A new survey finds that Colorado voters strongly oppose the idea of raising interest rates on consumer loans. Opposition was widespread among voters across lines of race, party affiliation, and household income, but the intensity of opposition was especially strong among voters of color and those who had served in the military. Overall, 51% of voters said they would be "much more likely" to vote against a legislator who voted to increase interest rates. That number rose to 58% of military service-members or veterans, and 62% of non-whites.
At issue are consumer loans that typically range from $3,000 to $10,000, have loan terms of two to five years, and are often secured by personal property such as cars. "With loans this large, increases in annual interest rates can really add up," said CRL policy associate Ezekiel Gorrocino.
Raising the cost of these consumer loans is so unpopular with voters that 77% of those surveyed said they would be more likely to vote against a state legislator who voted to increase interest rates.
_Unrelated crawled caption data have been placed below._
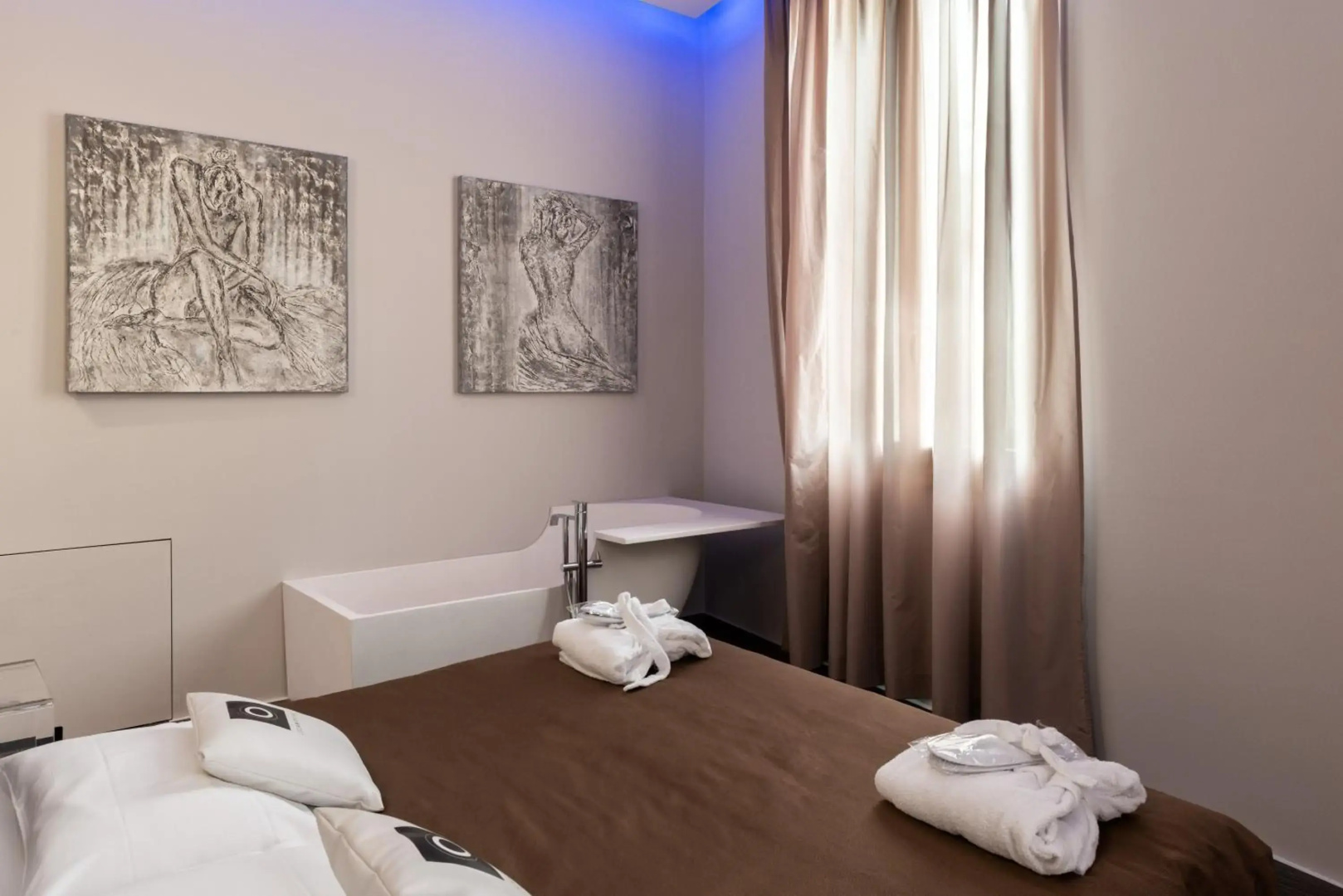 Foto - Le Camp Suite & Spa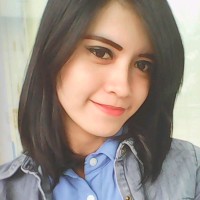 Dwi Apriliyasari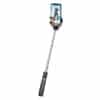Natec ALVITO Wireless Selfie Stick Tripod Bluetooth 4.0 - Image 5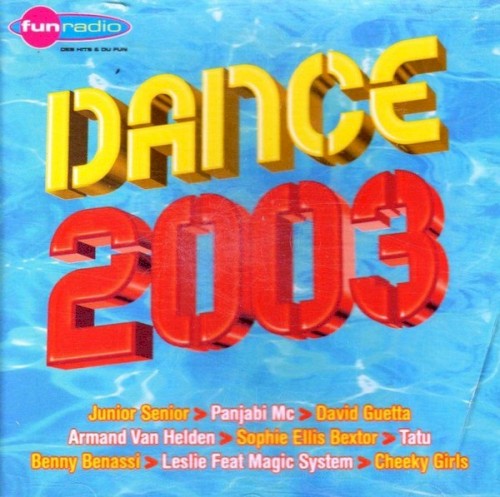 Dance 2003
The strongest opposition - 93% - came from voters with household incomes of $30,000 to $50,000—the voters most likely to be affected by a proposal now before the Colorado legislature.
A bill currently before the Colorado legislature would increase the interest rates that lenders could charge on all consumer loans larger than $1,000. Senate Bill 185 would increase the interest rates on most loans by over 2 percentage points. This would result in a 10% increase in the cost of these loans. The bill, pushed by OneMain, a large lender, would cause these rates to rise higher each year. Currently, the lender's borrowers have an average household income of $46,000.
With reference to a prior iteration of the proposal, 89% of those surveyed said they opposed raising interest rates from 28% to 36% on a $3,000 loan. The opposition was similarly strong among Republicans and Democrats and independents. Seventy-five percent of voters "strongly opposed" increasing the rates. Senate Bill 185 would raise the rates on such loans from 28% to over 30%, and would cause rates to rise automatically over time.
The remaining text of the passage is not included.